Sir Thomas Beecham. Royal Philharmonic Orchestra &;Choir. Recorded 1959 (RCA Gold Seal 09026-61266-2). Beecham's recording of Goosens' orchestration with harp, drums, cymbals, bells and brass is shamelessly melodramatic and old-fashioned. The result? Pure fascination. The set is priceless for tenor Jon Vickers alone. Bass Giorgio Tozzi is also stunning. This oratorio must stand as one of the greatest opera recordings ever made.

John Eliot Gardiner. English Baroque Soloists &;Monteverdi Choir. Recorded November 1982. (Philips 434-297-2). The 31 English Baroque Soloists and 32 voices of the Monteverdi Choir produce a grand, vigorous sound. Tenor Rolfe-Johnson is sweet-voiced and aristocratic. Canadian Catherine Robbin may well be the best Messiah mezzo on disc. Robert Hale has a light, lyrical bass-baritone. Only countertenor Charles Brett is feeble. Among "period" Messiahs this groundbreaking recording is a strong recommendation.

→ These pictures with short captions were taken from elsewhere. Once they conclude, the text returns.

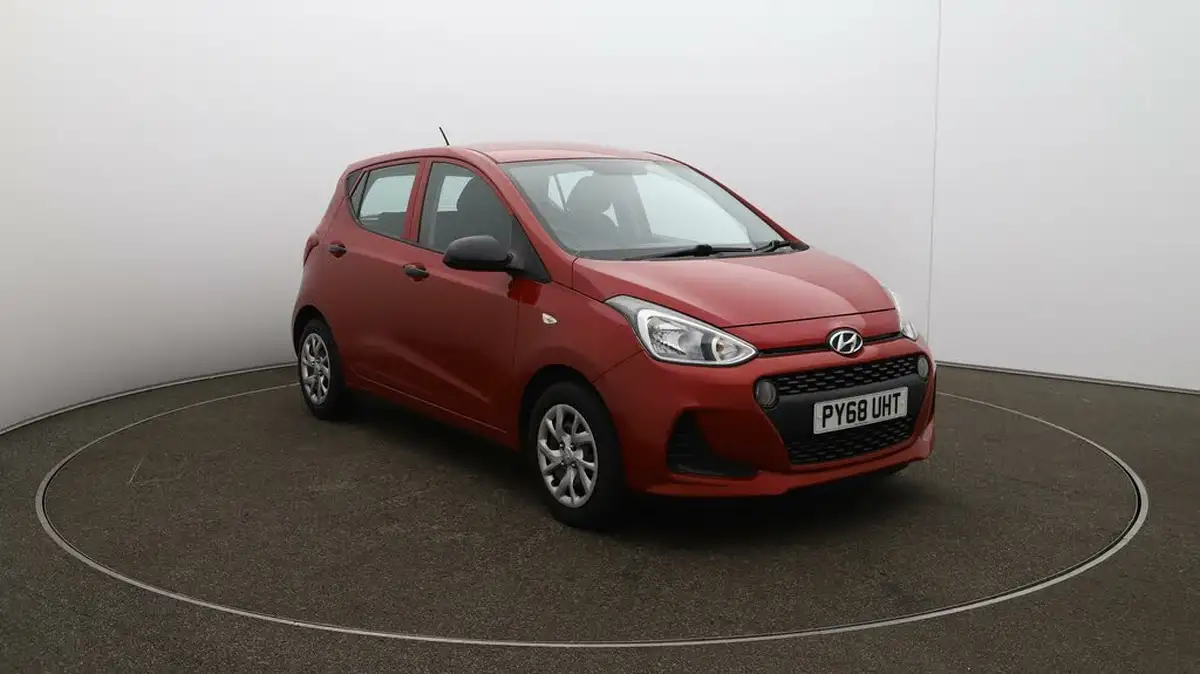 2019-hyundai-i10-10-s-big-39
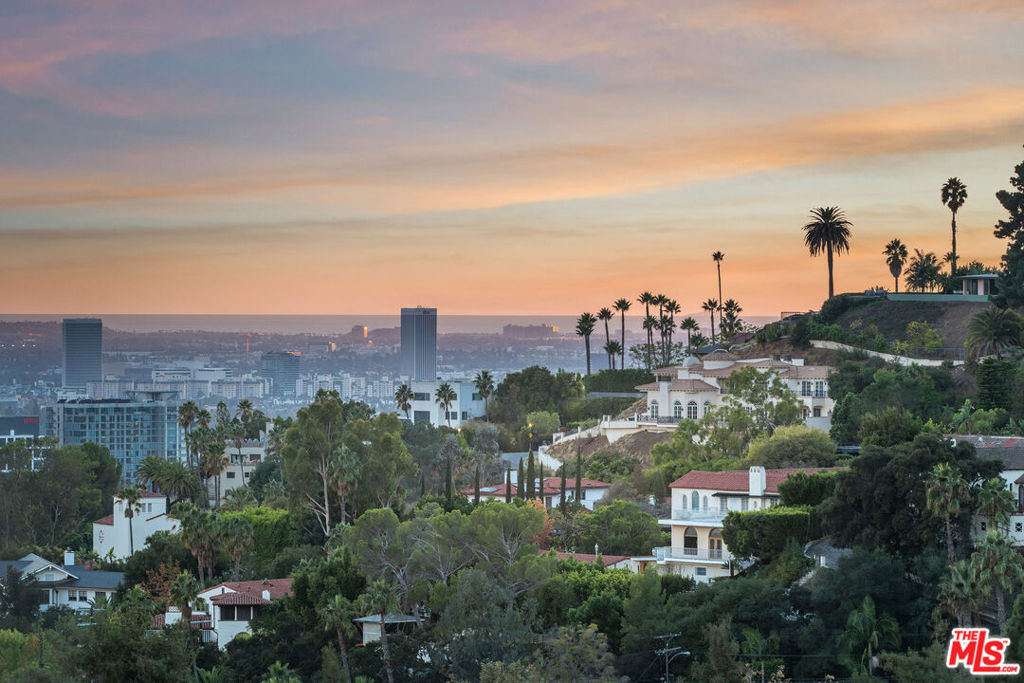 2315 N Hobart Boulevard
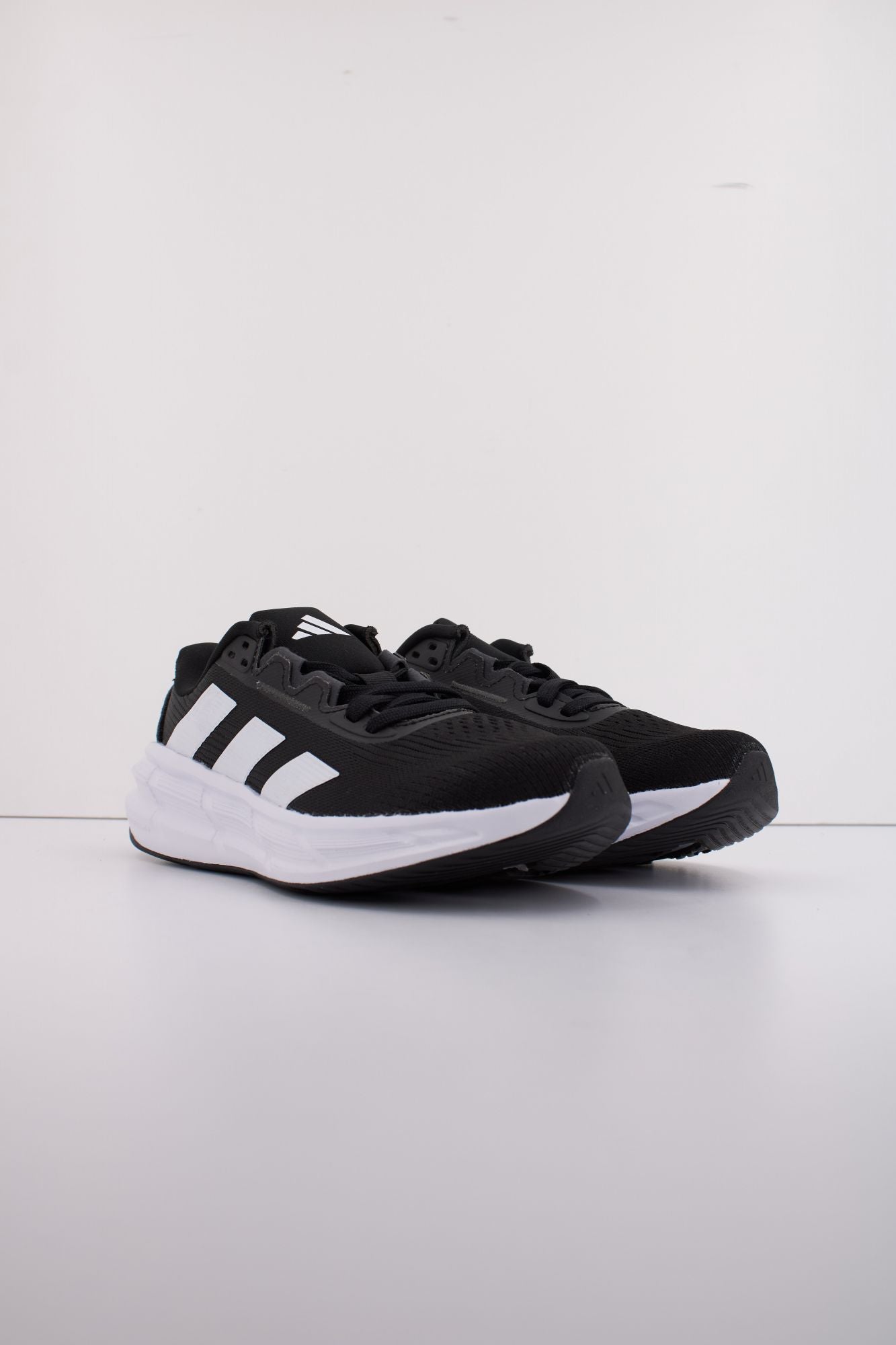 ADIDAS QUESTAR 3 W en color NEGRO (2)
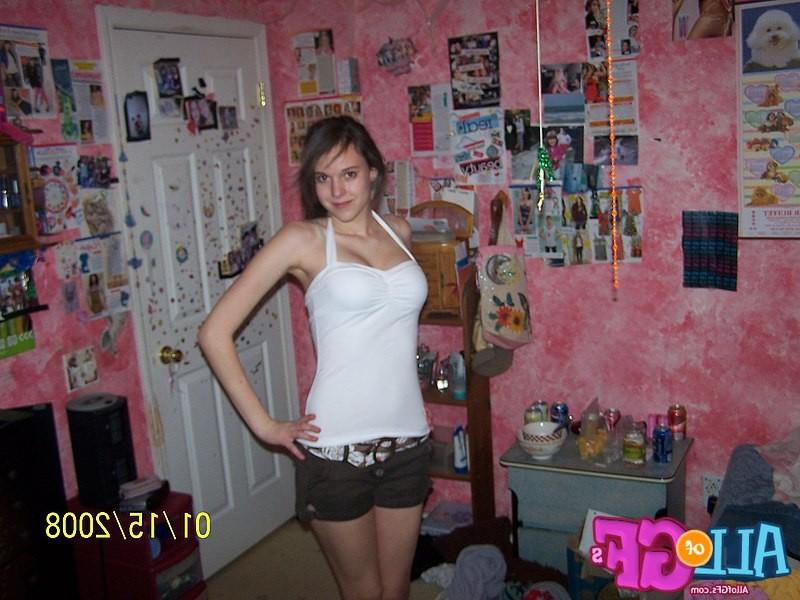 12P My girl friend naked tits posing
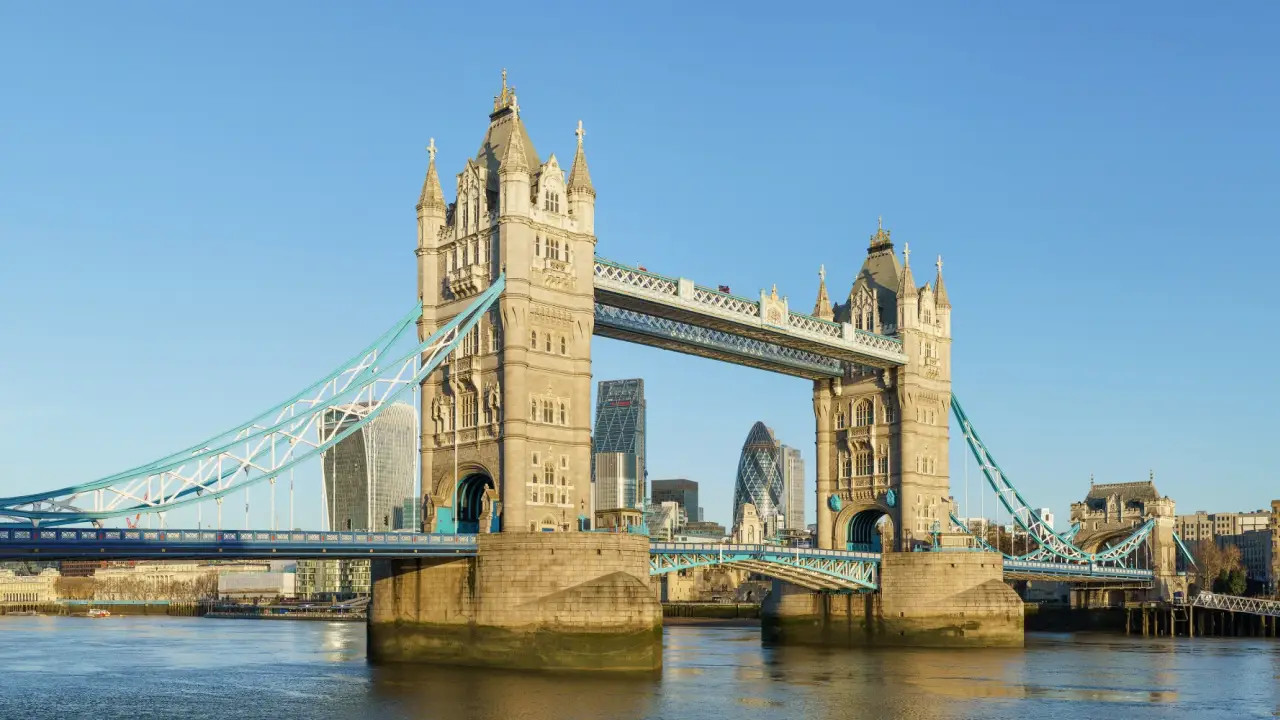 Tower Bridge, em Londres
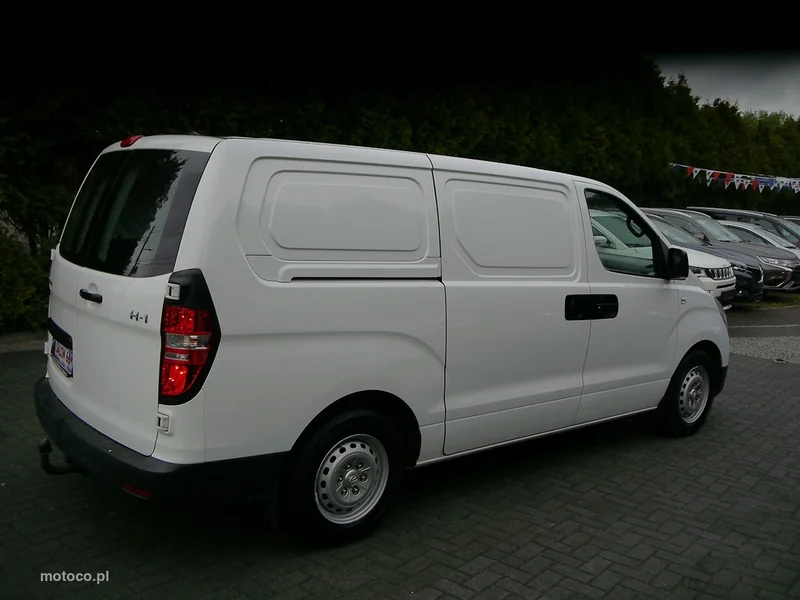 Hyundai H-1 16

Harry Christophers. The Sixteen Choir and Orchestra. Recorded December 1986 (Hyperion Dyad CDD 22019). This is a superb budget Messiah. The Sixteen is theoretically an authentic instrument group, but you'd never guess it from the round, full-bodied sound delivered by the 19 choristers and 20 instrumentalists. Soprano Lynne Dawson has a crystalline, sunny voice perfectly suited to "Rejoice greatly" and "I know that my Redeemer liveth". Contralto Catherine Denley is competent in the stolid English church singing tradition. Countertenor David James has a reedy, clarinettish voice, clean and steady, without vibrato, though he has intonation problems in the difficult "Refiner's fire" passage. Michael George is a splendid bass with a resonant, pleasant tone and excellent diction. Maldwyn Davies deploys a warm, pleasant, flexible tenor. Altogether a happy, uninhibited performance. Highly recommended.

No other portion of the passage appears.